Your assignment - Your task is to output the listing exactly, leaving every image out.

Recorded information -
---

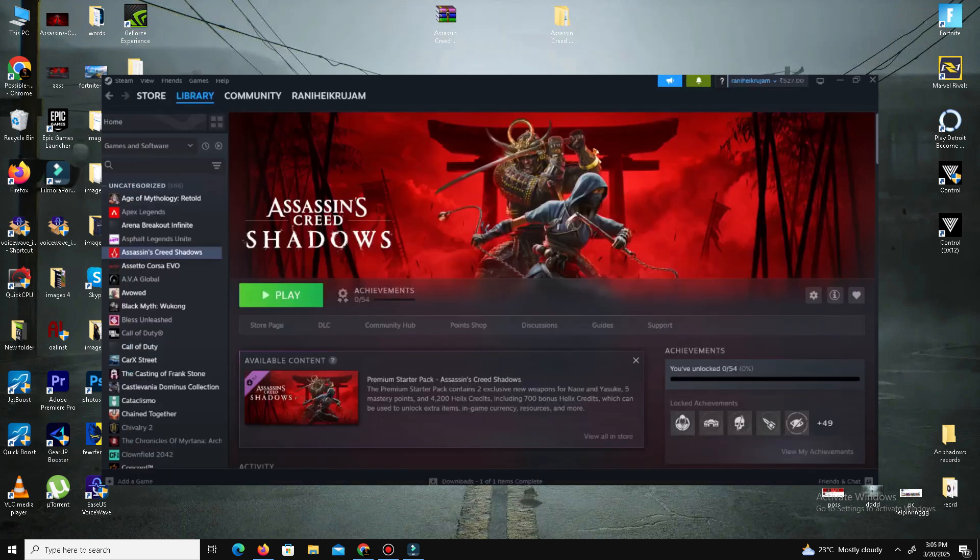Relaunch your game. These steps should fix Ubisoft Connect in-game launch issues. If not, check for Ubisoft Connect updates or reinstall it.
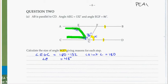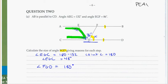Now I see that I've got angles on a straight line, so I can just do the subtraction. Angle FGD is going to be equal to 180 degrees — angles on a straight line add up to 180 — minus 86 minus 48. That gives us 46 degrees. So that's our answer.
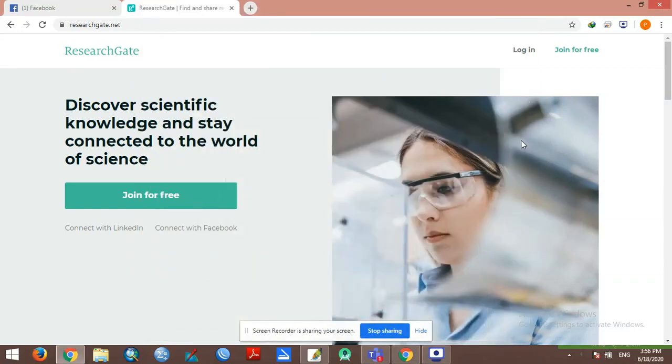Hello students, I am going to show you about your course, how to log in and how to join ResearchGate.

---

Task output -
Relaunch your game. These steps should fix Ubisoft Connect in-game launch issues. If not, check for Ubisoft Connect updates or reinstall it.
Now I see that I've got angles on a straight line, so I can just do the subtraction. Angle FGD is going to be equal to 180 degrees — angles on a straight line add up to 180 — minus 86 minus 48. That gives us 46 degrees. So that's our answer.
Hello students, I am going to show you about your course, how to log in and how to join ResearchGate.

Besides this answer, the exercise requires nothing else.